Exercise requirements => The whole listing below needs to be retyped without a single change.

Information supplied =>
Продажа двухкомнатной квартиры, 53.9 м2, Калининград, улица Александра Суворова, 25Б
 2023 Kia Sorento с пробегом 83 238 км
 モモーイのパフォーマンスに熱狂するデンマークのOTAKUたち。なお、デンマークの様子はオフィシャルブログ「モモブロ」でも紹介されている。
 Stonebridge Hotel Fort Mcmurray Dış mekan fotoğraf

Answer for the task =>
Продажа двухкомнатной квартиры, 53.9 м2, Калининград, улица Александра Суворова, 25Б
 2023 Kia Sorento с пробегом 83 238 км
 モモーイのパフォーマンスに熱狂するデンマークのOTAKUたち。なお、デンマークの様子はオフィシャルブログ「モモブロ」でも紹介されている。
 Stonebridge Hotel Fort Mcmurray Dış mekan fotoğraf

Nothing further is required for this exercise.